* Records supplied *
⁂
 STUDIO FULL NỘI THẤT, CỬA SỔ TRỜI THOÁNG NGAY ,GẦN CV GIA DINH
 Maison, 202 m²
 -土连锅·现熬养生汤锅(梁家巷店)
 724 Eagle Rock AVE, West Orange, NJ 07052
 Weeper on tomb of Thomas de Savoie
⁂
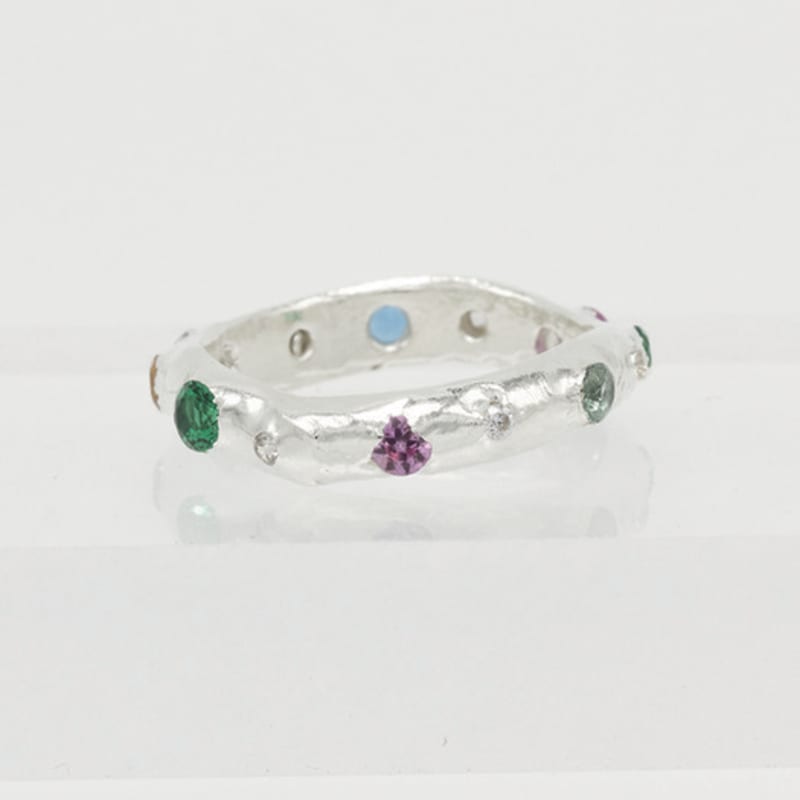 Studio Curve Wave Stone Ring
⁂
* What is needed *
Lines to set down from above: the line with "STUDIO FULL NỘI", the line with "Weeper on tomb of Thomas de Savoie", and every line between, each exactly as written.

* Answer space *
 STUDIO FULL NỘI THẤT, CỬA SỔ TRỜI THOÁNG NGAY ,GẦN CV GIA DINH
 Maison, 202 m²
 -土连锅·现熬养生汤锅(梁家巷店)
 724 Eagle Rock AVE, West Orange, NJ 07052
 Weeper on tomb of Thomas de Savoie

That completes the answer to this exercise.